This proposal does not widen a current pricing differential. The
Exchange would continue to pay the highest Tier 1 Rebates to Add
Liquidity in Penny Pilot Options of $0.25 per contract to Customers,
Professionals and NOM Market Makers for transacting one qualifying
contract as compared to other market participants.\12\ The Exchange
believes that Customers are entitled to higher rebates because Customer
order flow brings unique benefits to the market through increased
liquidity which benefits all market participants. The Exchange believes
that continuing to offer Professionals the same Penny Pilot Options
Rebates to Add Liquidity as Customers is equitable and not unfairly
discriminatory for the reasons which follow. The Exchange believes that
offering Professionals the opportunity to earn the same rebates as
Customers, as is the case today, and higher rebates as compared to
Firms, Broker-Dealers and Non-NOM Market Makers, and in some cases NOM
Market Makers, is equitable and not unfairly discriminatory because the
Exchange does not believe that the amount of the rebate offered by the
Exchange has a material impact on a Participant's ability to execute
orders in Penny Pilot Options. By offering Professionals, as well as
Customers, higher rebates, the Exchange hopes to simply remain
competitive with other venues so that it remains a choice for market
participants when posting orders and the result may be additional
Professional order flow for the Exchange, in addition to increased
Customer order flow. A Participant may not be able to gauge the exact
rebate tier it would qualify for until the end of the month because
Professional volume would be commingled with Customer volume in
calculating tier volume.\13\ A Professional could only otherwise
presume the Tier 1 rebate would be achieved in a month when determining
price.\14\ Further, the Exchange initially established Professional
pricing in order to ``. . . bring additional revenue to the Exchange.''
\15\ The Exchange noted in the Professional Filing that it believes ``.
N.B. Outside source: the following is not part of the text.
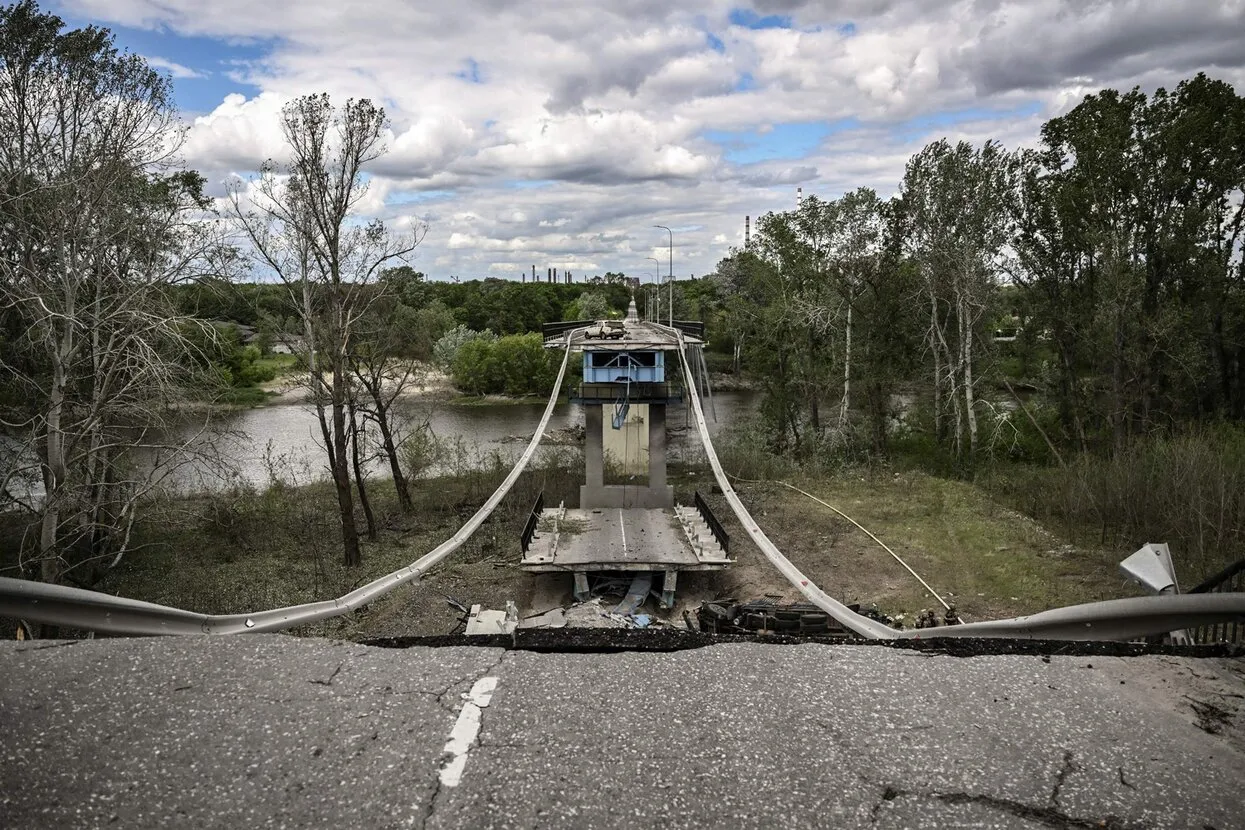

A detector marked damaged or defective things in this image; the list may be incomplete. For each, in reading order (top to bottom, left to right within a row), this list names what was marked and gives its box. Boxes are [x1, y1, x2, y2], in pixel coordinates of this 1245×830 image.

damaged guardrail [0, 338, 576, 636]
cracked asphalt [2, 640, 1245, 828]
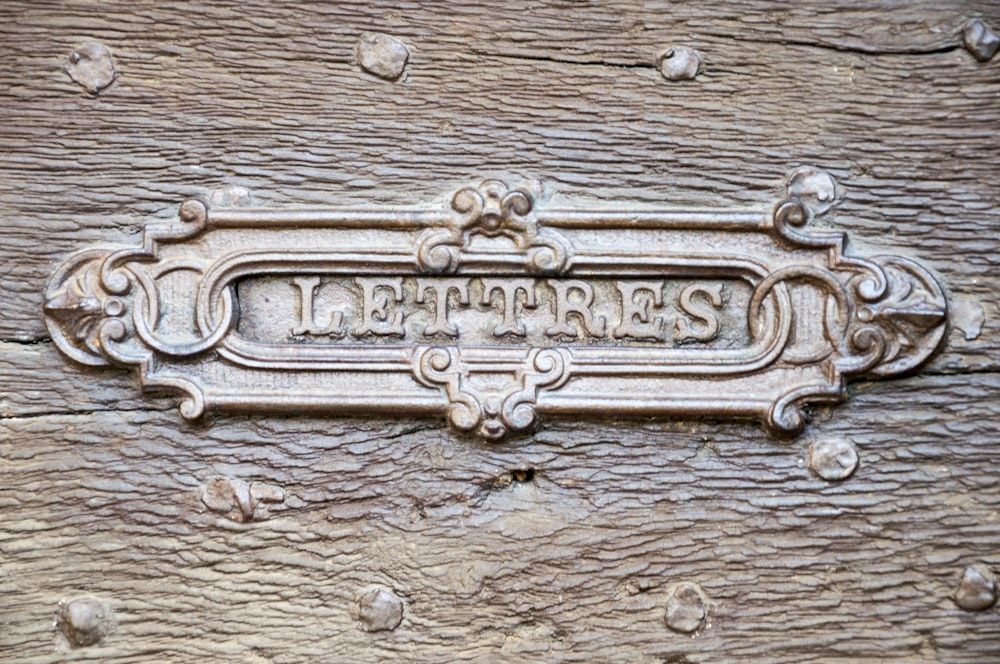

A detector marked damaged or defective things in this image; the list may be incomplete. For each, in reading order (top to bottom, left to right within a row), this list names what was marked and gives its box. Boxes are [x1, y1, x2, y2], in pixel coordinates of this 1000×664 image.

rusty metal surface [45, 170, 944, 440]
. . that the increased revenue from
[[Page 68125]]
the proposal would assist the Exchange to recoup fixed costs.'' \16\
The Exchange also noted in that filing that it believes that
establishing separate pricing for a Professional, which ranges between
that of a customer and market maker, accomplishes this objective.\17\
The Exchange does not believe that providing Professionals with the
opportunity to obtain higher rebates equivalent to that of a Customer
creates a competitive environment where Professionals would be
necessarily advantaged on NOM as compared to NOM Market Makers, Firms,
Broker-Dealers or Non-NOM Market Makers. Also, a Professional is
assessed the same fees as other market participants, except Customers,
as discussed herein.\18\ For these reasons, the Exchange believes that
continuing to offer Professionals the same rebates as Customers is
equitable and not unfairly discriminatory. Also, NOM Market Makers
would continue to be offered the opportunity to earn higher rebates as
compared to Non-NOM Market Makers, Firms and Broker Dealers \19\
because NOM Market Makers add value through continuous quoting \20\ and
the commitment of capital.
---------------------------------------------------------------------------
\12\ Firms, Non-NOM Market Makers and Broker-Dealers receive a
$0.10 per contract Penny Pilot Option Rebate to Add Liquidity. In
addition, a Participant that adds Firm, Non-NOM Market Maker or
Broker-Dealer liquidity in Penny Pilot Options and/or Non-Penny
Pilot Options of 15,000 contracts per day or more in a given month
will receive a Rebate to Add Liquidity in Penny Pilot Options of
$0.20 per contract.
\13\ Customer and Professional volume is aggregated for purposes
of determining which rebate tier a Participant qualifies for with
respect to the Professional Rebate to Add Liquidity in Penny Pilot
Options.
\14\ A Professional would be unable to determine the exact
rebate that would be paid on a transaction by transaction basis with
certainty until the end of a given month when all Customer and
Professional volume is aggregated for purposes of determining which
tier the Participant qualified for in a given month.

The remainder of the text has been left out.